3. Financial Commitment
Some of the travel baseball teams will have a season that lasts 12-15 tournaments. They are trying to pick up 60-70 games each season. In Florida, it is not uncommon for the travel baseball team to do this in both the fall and spring. So that’s 25-30 tournaments and 120+ games. They play in the highest levels of the most competitive tournaments and recruit heavily in order to field a team with the best chances to win. If you go in that direction, and I’m not saying that’s a bad thing, be ready to pay and fundraise your butt-off. Do the math for hotels, gas, food, air fare, organization dues, coaches fees, tournament/umpire fees, uniforms (home/away/alternate/alternate to the alternate/stars & stripes/pink), practice field fees, and equipment (don’t forget that $399 bat!). Know what you’re getting into.
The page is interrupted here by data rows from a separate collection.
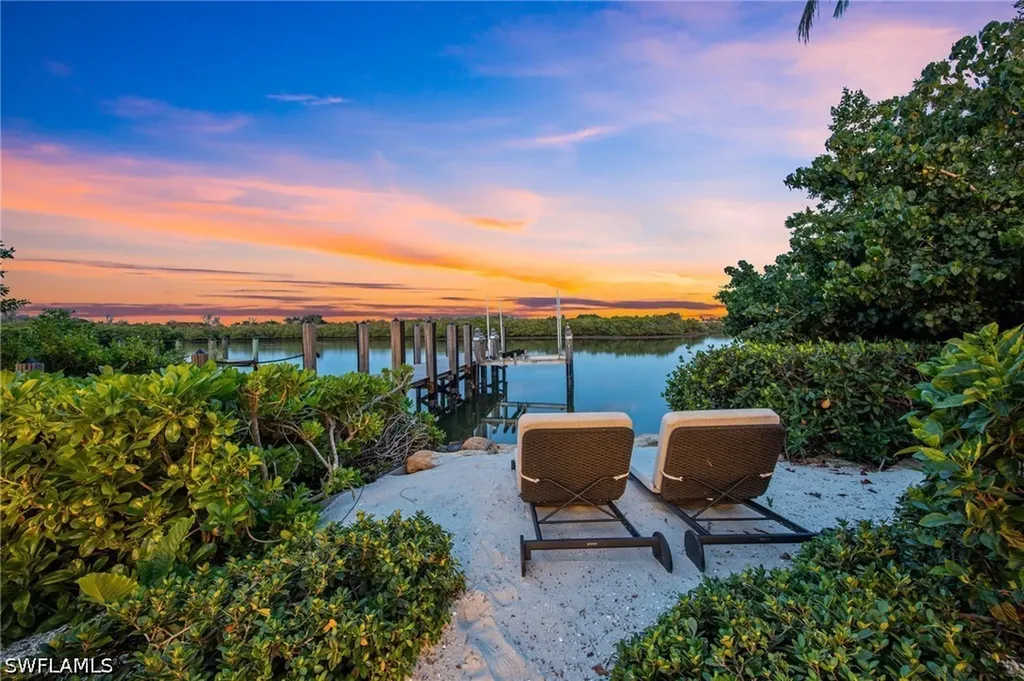 3675 Gordon Drive Naples FL 34102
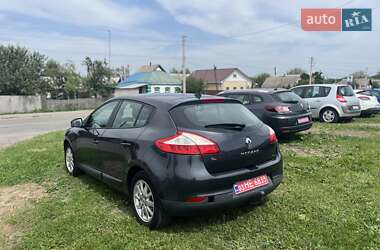 Хэтчбек Renault Megane 2010 в 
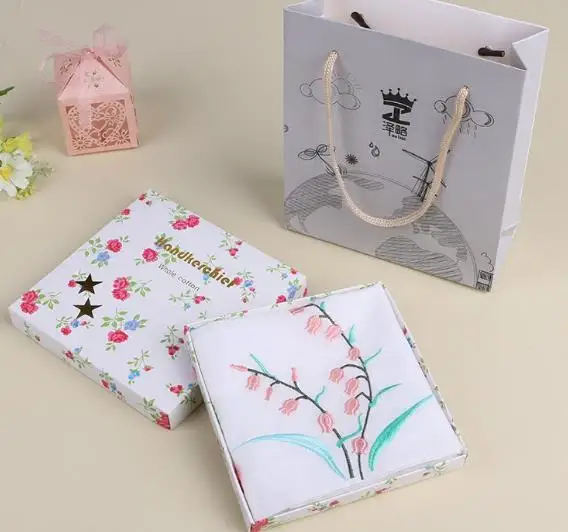 Дамы Вышивка печатных носовой платок с цветочным узором удивительный подарок для мальчиков девочек чистый хлопок носовые платки Экологически чистая коробочка упаковка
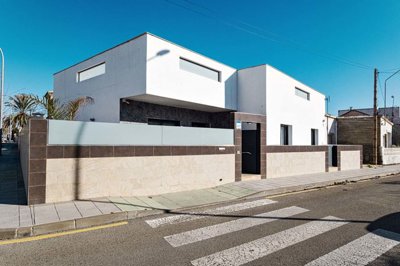 201161semidetachedvillaintorredelah1901261108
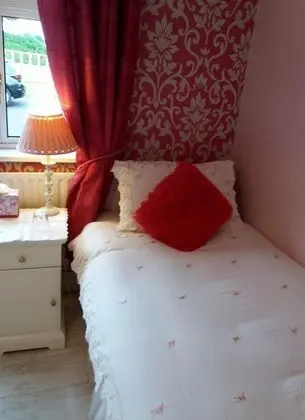 Oda, 1 Tek Kişilik Yatak, Banyolu/Duşlu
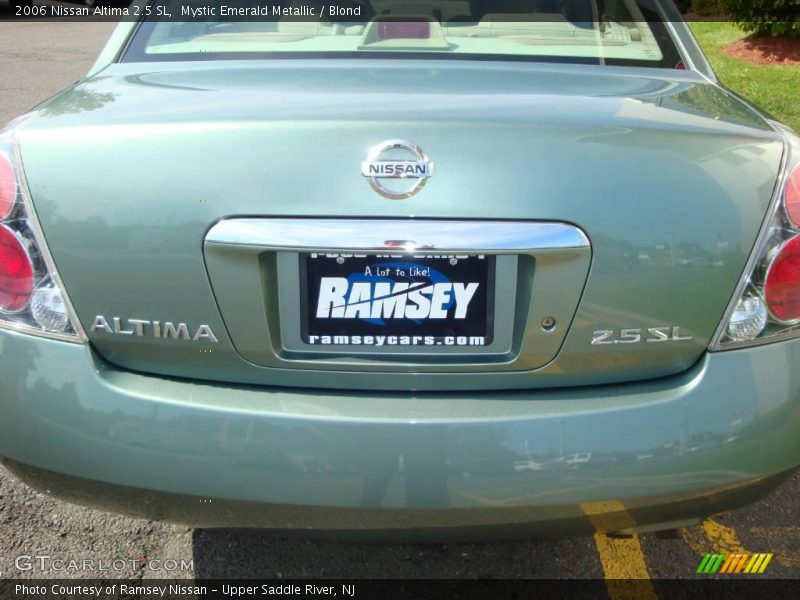 Mystic Emerald Metallic / Blond 2006 Nissan Altima 2.5 SL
Particularly if the team recruits a stud player half-way through the season and guess which position he plays? You guessed it — your son’s! But don’t feel like you’re son is getting left-behind if you don’t go with these Goliath teams. There are plenty of organizations that play eight tournaments a season (two per month); all local venues with the exception of a season finale. Maybe one to two practices during the week. Two uniforms max. And a couple team bats if you don’t want to spend $399 on a bat that will be out of date by the end of season. Trust me, your son won’t miss a beat with these local travel teams if you decide they’re a better fit for your son and family.
4. Playing Time
This goes without saying. It probably could be #1 on the list. For example, if your travel organization fields two teams in your son’s age group, would it be better to roster on the “A” team and sub into games, or roster on the “B” team and start? If you answered the “B” team, you are correct! The most important thing in youth travel baseball is for your son to play. And don’t get hung up on playing just shortstop or some other position. Your son needs to play a variety of positions both infield and outfield. Beware of teams that field 12 or 13 players. The ideal team size is 10 or 11 players. This will allow your son to get max reps at practice and in games. And if your son can bat in the top/middle of the order, your son will get plenty of plate appearances. But if your son is constantly in the back of the order, sitting defensively for at least two innings per game, and only plays in the outfield, I would seriously look for another team after the season ends.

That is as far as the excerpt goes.